On 24-Carat Black: The Obscure '70s Soul Group That Became a Hip-Hop Sampling Staple

Author Zach Schonfeld describes the unbelievable odyssey of their lone album 'Ghetto: Misfortune's Wealth'

In the spring of 2017, after several weeks of fevered online anticipation, LA rapper Kendrick Lamar finally unveiled his breathtaking fourth studio album DAMN for the entire world to enjoy. Like so many others, I was instantly rapt by the dense lyrical wordplay and eye-widening aural textures that had become Kung Fu Kenny’s stock and trade going all the way back to his debut Section 80. While DAMN is hardly Lamar’s best album – shoutout to Good Kid, M.A.A.D. City -- it’s enough of a masterpiece that the fine folks who pick the Pulitzer winners saw fit to award him the prize in music the following year.

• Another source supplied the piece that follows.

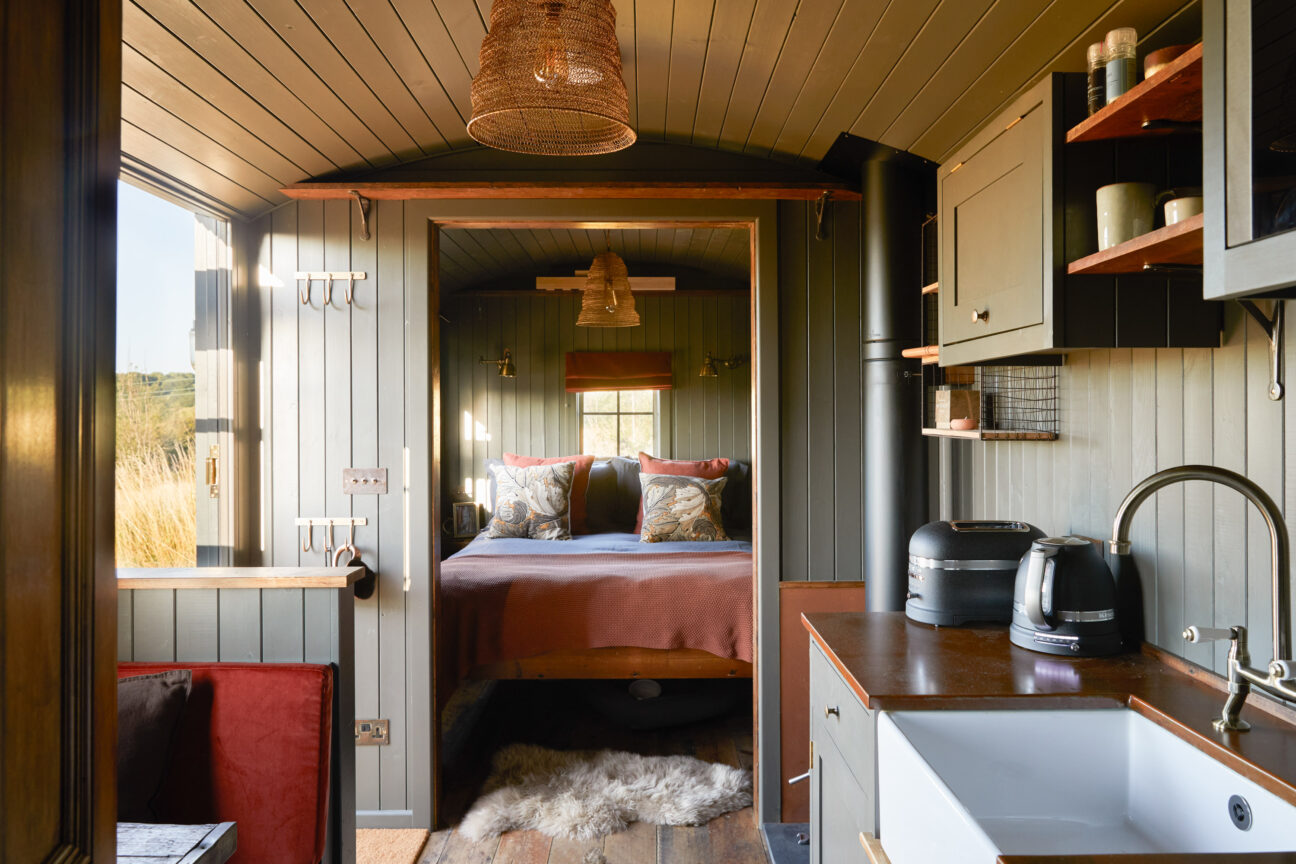 Huts at Royal Oak - Overbury on Kip Hideaways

The committee referred to Lamar’s latest as:

“A virtuosic song collection unified by its vernacular authenticity and rhythmic dynamism that offers affecting vignettes capturing the complexity of modern African-American life.”

Though DAMN’s singles “Humble” and “Loyalty,” along with the U2-featured track “XXX” left their initial mark, the track that lingered the longest in my mind was tucked near the back end of the album.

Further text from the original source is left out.